Update Required for PyTorch and CUDA Versions to Support NVIDIA H100 GPUs and Resolve Dependency Issues

IliasChair commented 2 months ago

Are there plans to update the PyTorch and CUDA versions for this installation to the latest releases, such as PyTorch 2.3.1 and CUDA 11.8? My research would greatly benefit from using the NVIDIA H100 GPUs provided by my institution, which are not supported by the current repository versions.
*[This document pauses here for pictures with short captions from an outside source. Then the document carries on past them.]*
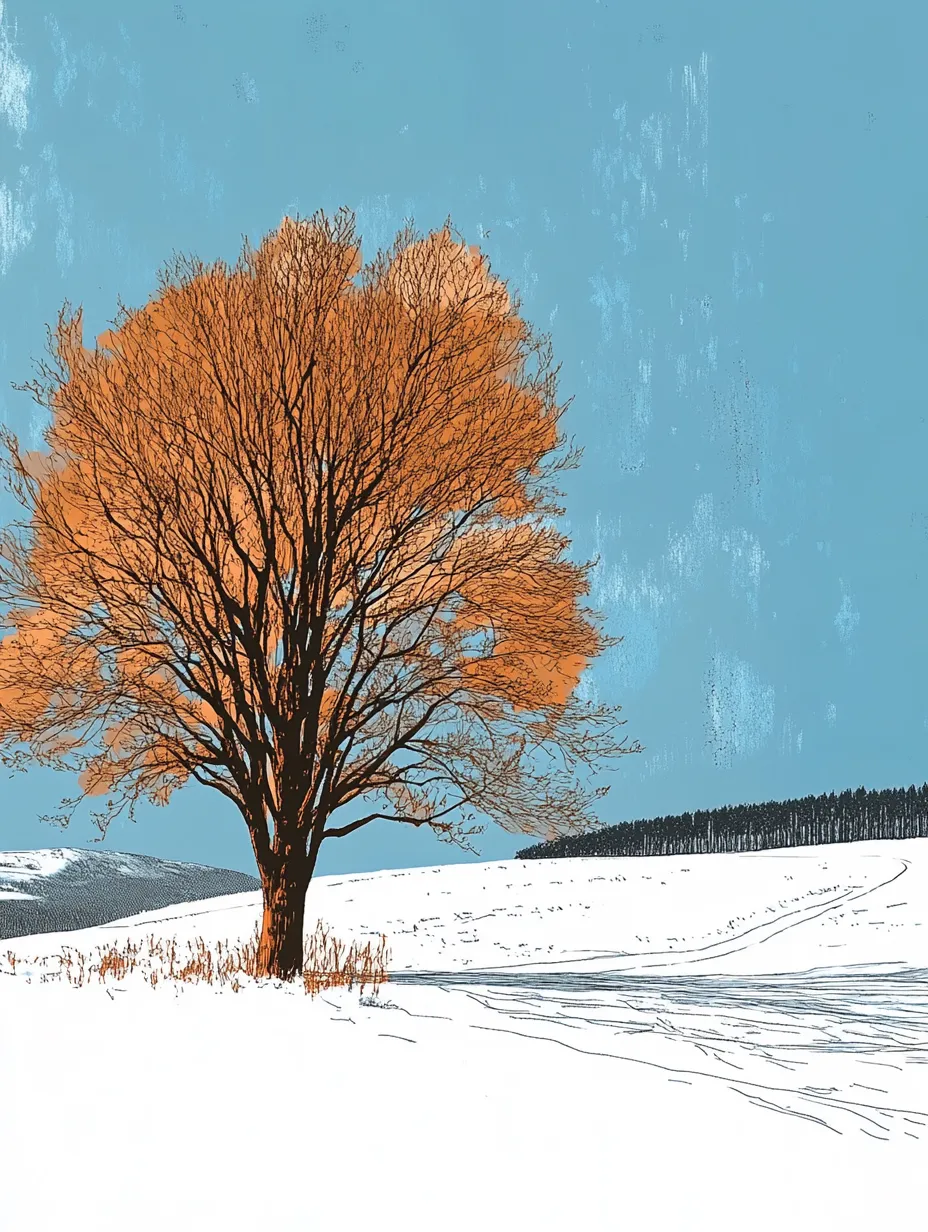 In winter, a tree with orange leaves stands against a bright blue sky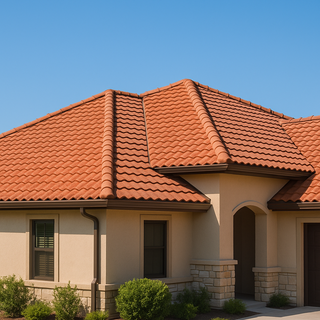 Mediterranean home with warm terracotta stone coated steel tile roof under a clear blue sky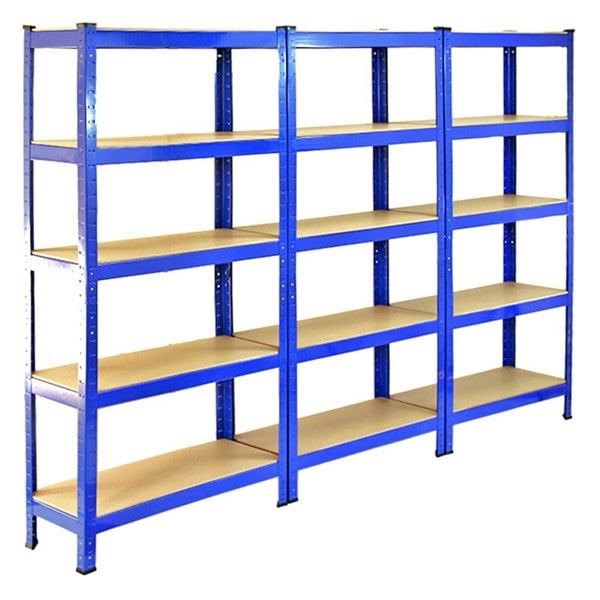 Monster Racking T-Rax Heavy Duty Shelving Units - Blue (75cm W, 30cm D) Set of 3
Additionally, compiling dependencies like torch-scatter on Windows requires outdated compilers, such as VS 2015 SDK, leading to issues on newer systems. Using the latest versions of these dependencies resolves compatibility and compilation issues but causes errors in amptorch due to moved/renamed functions and incorrect data types.

I have attempted to fix some of these errors, but doing so is challenging and requires deep insight into the amptorch code.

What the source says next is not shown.